# Information supplied

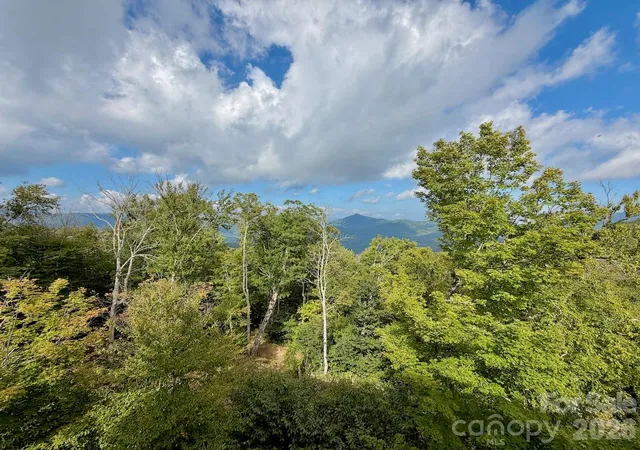 Photo 3 of Condo for sale at 102 Sugar Ski Dr #232, Sugar Mountain, NC 28604 | MLS# 4344100 | Listing updated on 2026-09-29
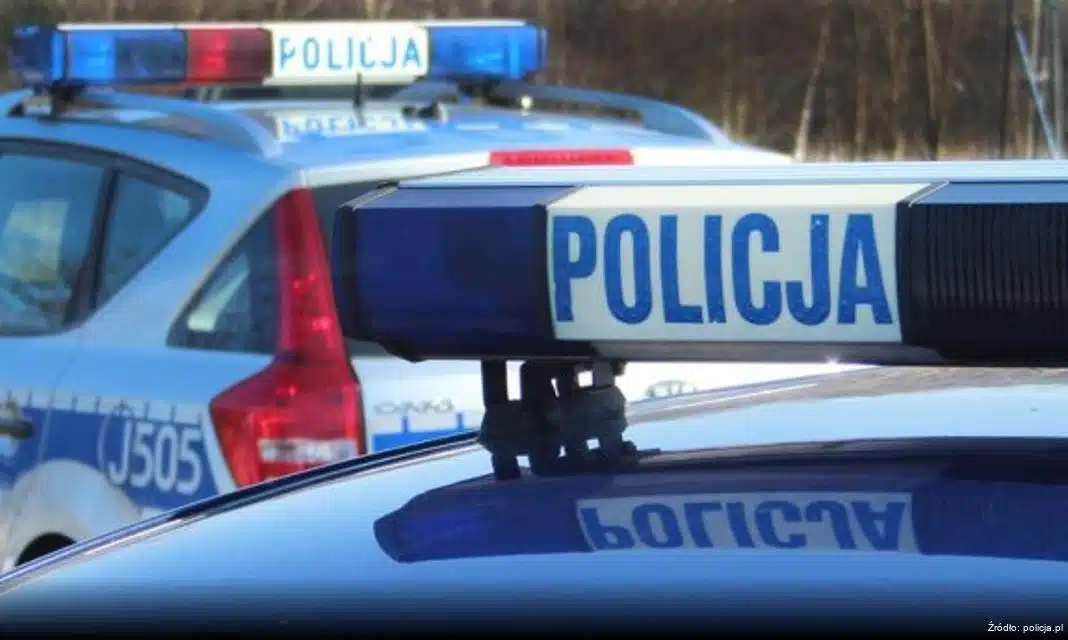 Bezpieczna droga zimą – apel policji do kierowców i pieszych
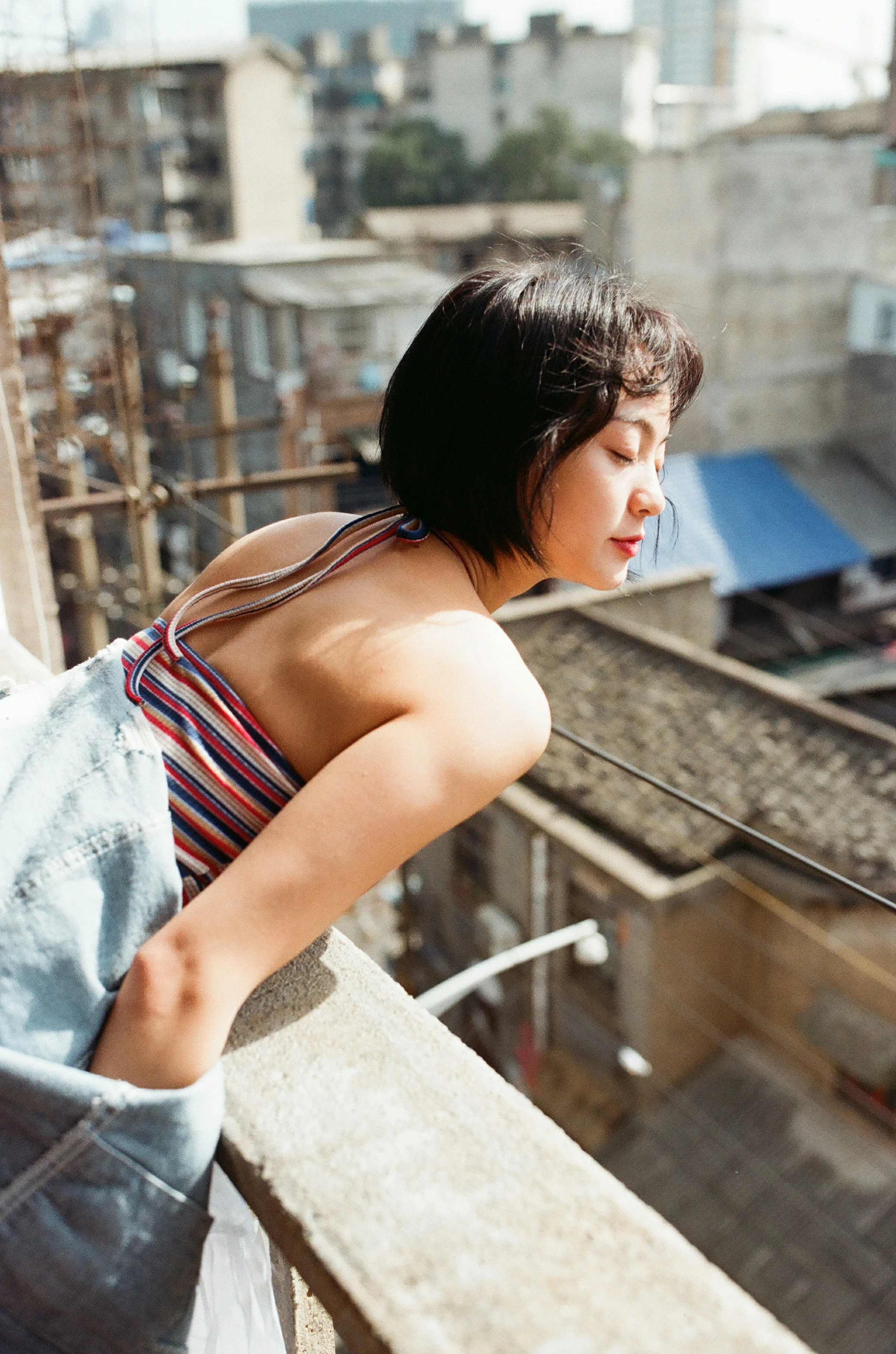 [YALAYI雅拉伊]NO.131 游街 米粒米粒 彩色背心与牛仔外套加白色透视裙私房写真集第16张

# Your goal
Everything in the listing above must be retyped exactly, except for the pictures.

# Answer space
 Photo 3 of Condo for sale at 102 Sugar Ski Dr #232, Sugar Mountain, NC 28604 | MLS# 4344100 | Listing updated on 2026-09-29
 Bezpieczna droga zimą – apel policji do kierowców i pieszych
 [YALAYI雅拉伊]NO.131 游街 米粒米粒 彩色背心与牛仔外套加白色透视裙私房写真集第16张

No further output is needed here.